Mainly, the reason being that in my Local Museum (The Oldest in the Western World) there is a Stradivari Guitar from 1680, a Giorgio Sellas Guitar from 1627, a René Voboam, 1641 and an English Guitar by Michael Rauche from 1770 and mysteriously, none of them are Finished in Nitro.
Considering the Long and Ancient History of the Guitar.
And the huge numbers of them that have been made over the Centuries.
There's not a lot of Guitars show for it really is there? They seem to been quite vulnerable.
I have a pal who collects Flamenco/Classical Guitars, quite seriously. The distinction between these instruments is an Invention of the 20th Century really. The further you go back the more the different features merge and blend.

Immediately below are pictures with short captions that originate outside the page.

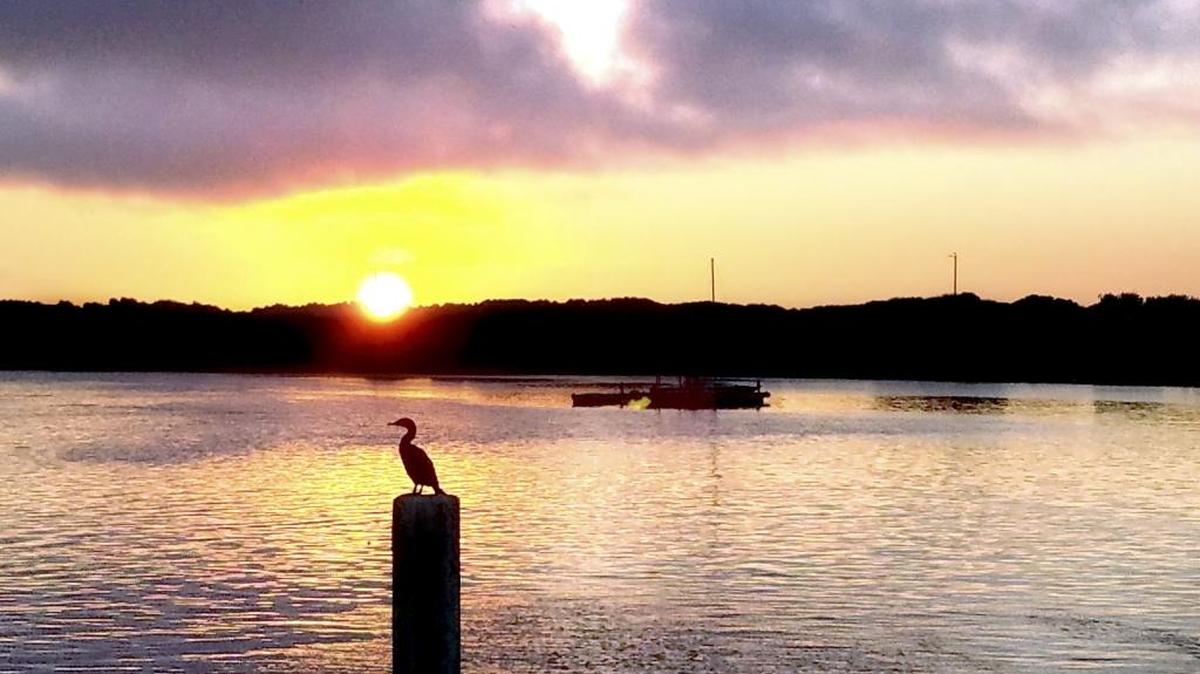 A seabird sits on a post on a calm August evening at the Morro Bay harbor.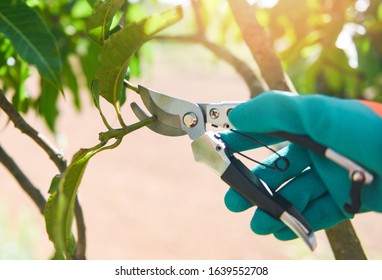 Gardening tool and works pruning trees concept / Hand holding pruning shears cuting mango tree branch in the garden  - Powered by Shutterstock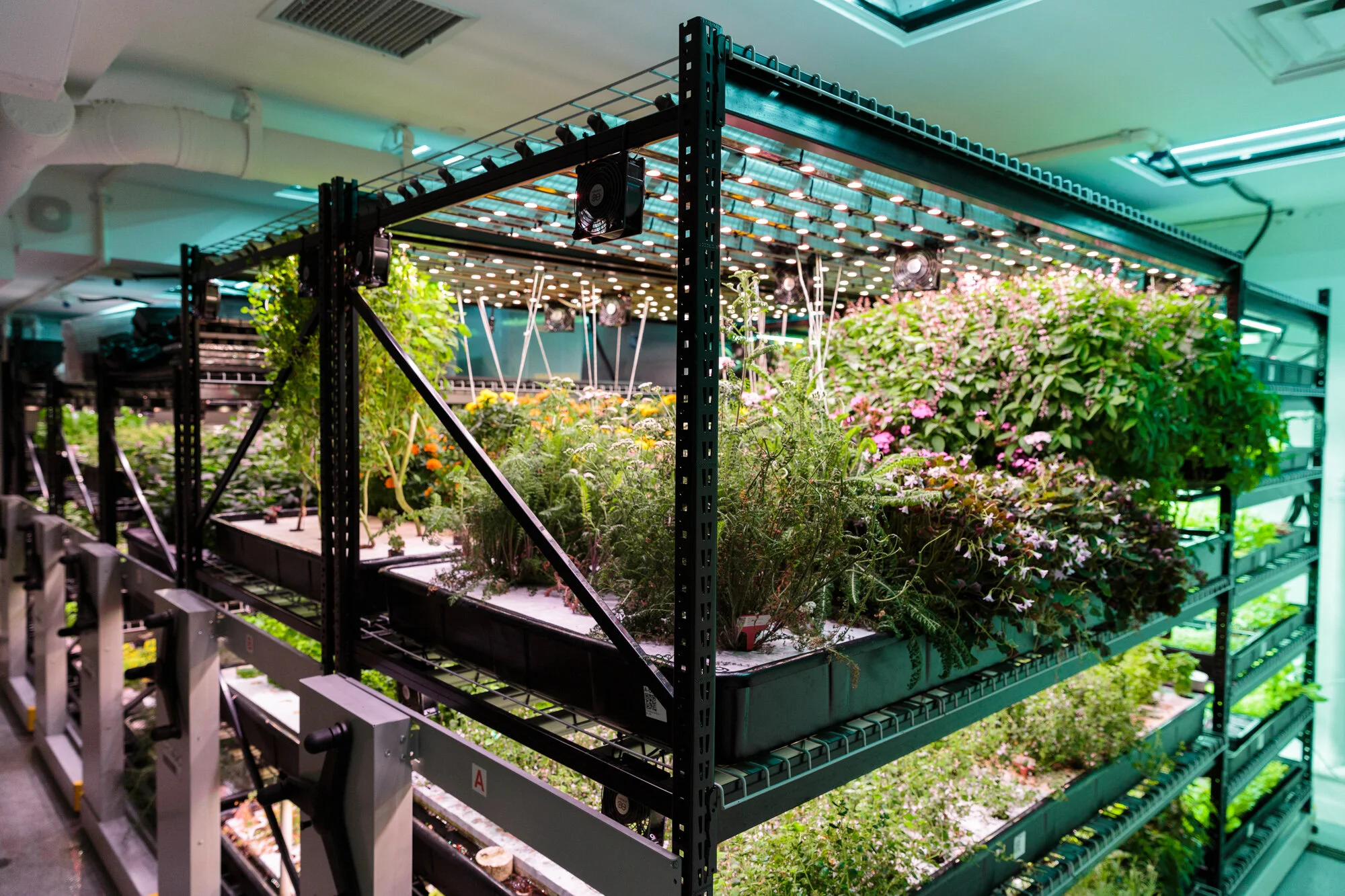 Farm.One’s flagship New York location in Tribeca; image sourced from Farm.One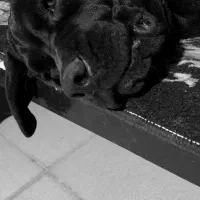 کنکوسو آموزش دیده فول کیفیت|سگ|کرمان, |دیوار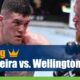 Rodolfo Vieira vs. Wellington Turman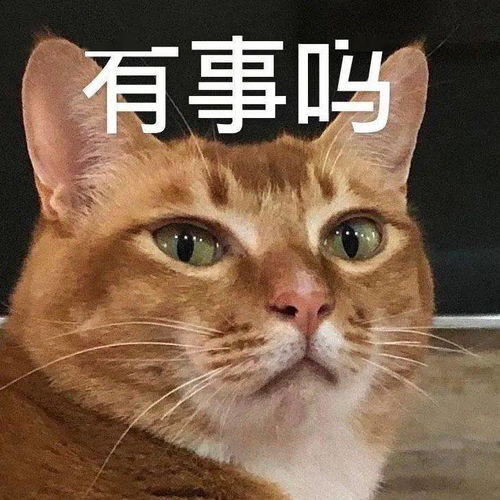 网红猫咪沙雕猫咪敦敦表情包四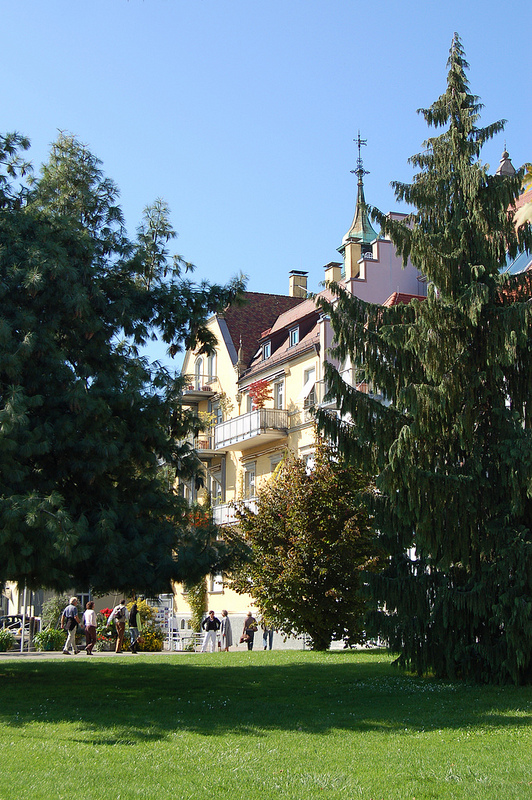 アルプス山系の先史時代杭上住居跡群の画像11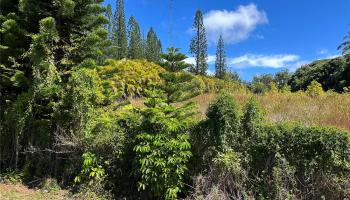 59-772 Kanalani Place  Haleiwa, Hi vacant land for sale - photo 1 of 4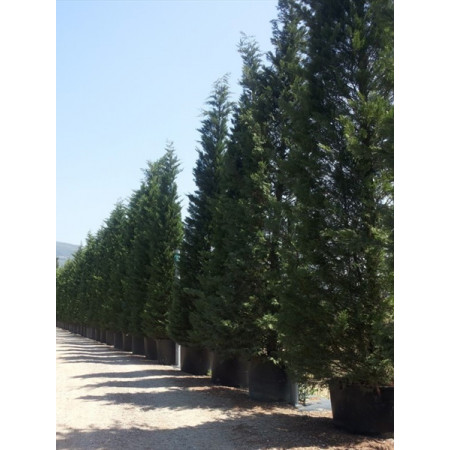 Leylandii Green MASSIVE 28-30ft/850-900cm Plant Height - does not include pot height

He has Seven of what I regard as some of the most Valuable Guitars in the World. An Original Manual Ramirez, and Original Torres and so on. He secretly lends these Instruments out to Star Players he admires, when they come to this Country, which of course gives them a Huge Kick.
But there are so Few of Them, that have Survived.
And of all the Guitars Stradivari made, only one is in Playable Condition.
Therefore the Greatest Maker of Stringed Instruments ever, only has A Singular Surviving Working Example.
Throughout the Entire World.
Lesser Guitars made by Lesser Craftsmen Lacking the same Owners Reverence.
Can be Expected to last Nowhere Near As Well or As Long.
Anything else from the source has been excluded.